### Exercise details
Output exactly the lines from the one containing "PISA: học sinh" through the final line of the entries below, both included, and skip the pictures.

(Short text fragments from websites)
********************

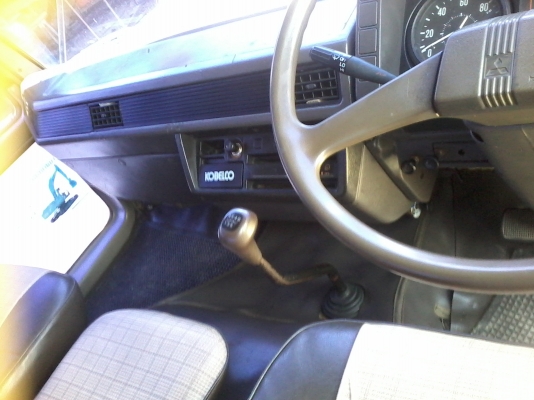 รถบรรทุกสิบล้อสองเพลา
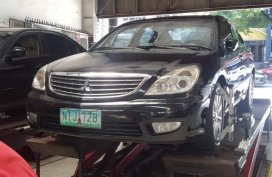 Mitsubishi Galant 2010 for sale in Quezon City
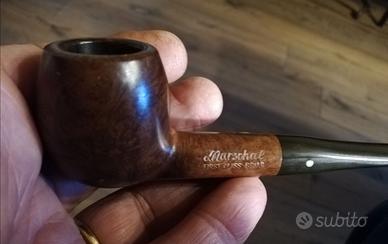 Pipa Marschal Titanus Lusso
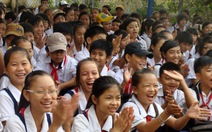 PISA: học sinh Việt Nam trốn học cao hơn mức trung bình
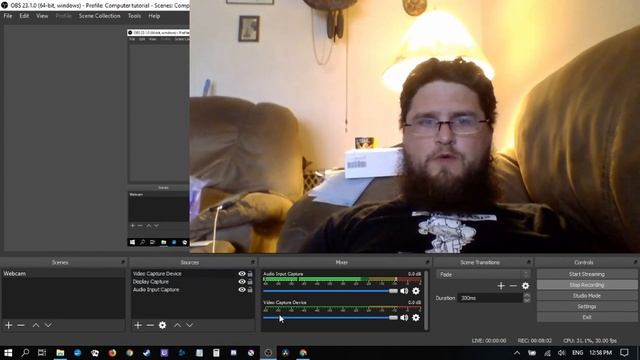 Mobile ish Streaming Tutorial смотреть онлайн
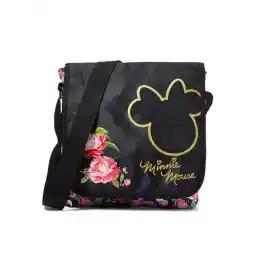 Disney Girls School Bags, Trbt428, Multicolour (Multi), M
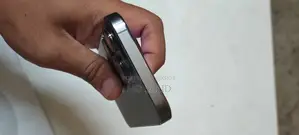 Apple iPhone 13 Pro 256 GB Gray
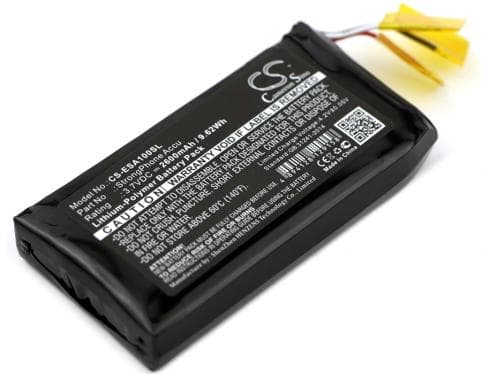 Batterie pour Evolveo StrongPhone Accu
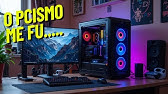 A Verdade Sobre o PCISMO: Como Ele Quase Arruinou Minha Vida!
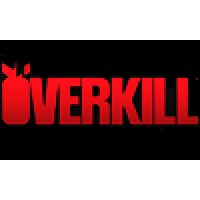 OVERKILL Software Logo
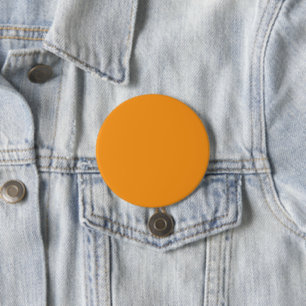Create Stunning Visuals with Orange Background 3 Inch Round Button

********************

### Completed task
 PISA: học sinh Việt Nam trốn học cao hơn mức trung bình
 Mobile ish Streaming Tutorial смотреть онлайн
 Disney Girls School Bags, Trbt428, Multicolour (Multi), M
 Apple iPhone 13 Pro 256 GB Gray
 Batterie pour Evolveo StrongPhone Accu
 A Verdade Sobre o PCISMO: Como Ele Quase Arruinou Minha Vida!
 OVERKILL Software Logo
Create Stunning Visuals with Orange Background 3 Inch Round Button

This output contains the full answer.